Follow Slashdot blog updates by subscribing to our blog RSS feed

 



Forgot your password?
typodupeerror
×
Data Storage IT

Backblaze's Geriatric Hard Drives Kicked the Bucket More in 2023 (theregister.com) 51

Backblaze has published a report on hard drive failures for 2023, finding that rates increased during the year due to aging drives that it plans to upgrade. From a report: Backblaze, which focuses on cloud-based storage services, claims to have more than three exabytes of data storage under its management. As of the end of last year, the company monitored 270,222 hard drives used for data storage, some of which are excluded from the statistics because they are still being evaluated. That still left a collection of 269,756 hard drives comprised of 35 drive models. Statistics on SSDs used as boot drives are reported separately.

Backblaze found one drive model exhibited zero failures for all of 2023, the Seagate 8 TB ST8000NM000A. However, this came with the caveat that there are only 204 examples in service, and these were deployed only since Q3 2022, so have accumulated a limited number of drive days (total time operational). Nevertheless, as Backblaze's principal cloud storage evangelist Andy Klein pointed out: "Zero failures over 18 months is a nice start."

This discussion has been archived. No new comments can be posted.

Backblaze's Geriatric Hard Drives Kicked the Bucket More in 2023

Comments Filter:
  • by Anonymous Coward

    Let's be realistic here. Backblaze has had fantastical luck with the 204 examples of the Seagate 8TB drives. And, somewhere, there is a very unlucky customer that had all 204 of their drives fail during the preceding 18 months.

    • 14 months is also not that impressive considering some drives are going strong after 9 years
      • by drinkypoo ( 153816 ) <drink@hyperlogos.org> on Tuesday February 13, 2024 @01:30PM (#64236980) Homepage Journal

        14 months is also not that impressive considering some drives are going strong after 9 years

        Drives are rated in MTBF with good reason. What's interesting about Backblaze's studies, besides that they give the results away, is that they have enough disks to produce pretty good statistics on their own.
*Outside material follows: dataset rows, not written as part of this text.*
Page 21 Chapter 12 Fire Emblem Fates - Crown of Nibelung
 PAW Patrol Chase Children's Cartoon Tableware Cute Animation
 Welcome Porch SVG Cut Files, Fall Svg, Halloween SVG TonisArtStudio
What they say they are doing [backblaze.com] is logging SMART data and some other basic statistics daily, what they offer is CSV files.

        Unfortunately they don't provide separately a data dictionary or a sample CSV, so three-ish minutes later I've got the 964MB zip file of Q4 2023 logs and looking at the files I find I still have questions. What I want to know is stuff that you can't find out by looking at the SMART logs. They mention in their results discussion that there were drives that were over their specified temperature limits; I want to know what the enclosure temperature was like. I filtered out all the empty columns from a small sample of one of the log files, and came up with in total the following fields which are not about the disk itself:

        column 5 name datacenter length 4 alpha 4
        column 6 name cluster_id length 3 int 4
        column 7 name vault_id length 4 int 4
        column 8 name pod_id length 2 int 4
        column 9 name pod_slot_num length 4 int 4

        All of these tell you where the disk was located, but none of them tell you anything about what the environment was like in that location at the time. You only get to know what the disk said about its own temperature. I'd also like to know, for example, what the system thinks its 12v and 5v voltages were at the time. I have yet to look at the actual SMART stats, so maybe some disks are reporting both internal and PCB temperatures, but I'd like to know basically the output of lm-sensors. Hmm, which upon review, on my system doesn't show the 5V or 12V, just the 3V3 and the current core voltages. Bugger.

        • Yep, all the stuff that drinkypoo said about the impact of environmental factors. And add to that the impact of different manufacturing batches that are greatly amplified for small drive populations. That's why the models with less than 1000 drives can show AFRs like 0.00% or 24.29%.

          The idea of AFR is only useful at the bottom of the bathtub reliability curve when failure rates are more stable, so the early-life failures due to manufacturing problems need to be omitted.

        • by AmiMoJo ( 196126 )

          I find that SMART is pretty useless in most cases. Drives develop bad blocks and remap them. SMART decreases the count of spare blocks, but my data is lost.

          Now do I toss the drive because it might be developing a bad spot, or hope it was just one small part of the surface? Do I run a full surface scan and verify the integrity of every file?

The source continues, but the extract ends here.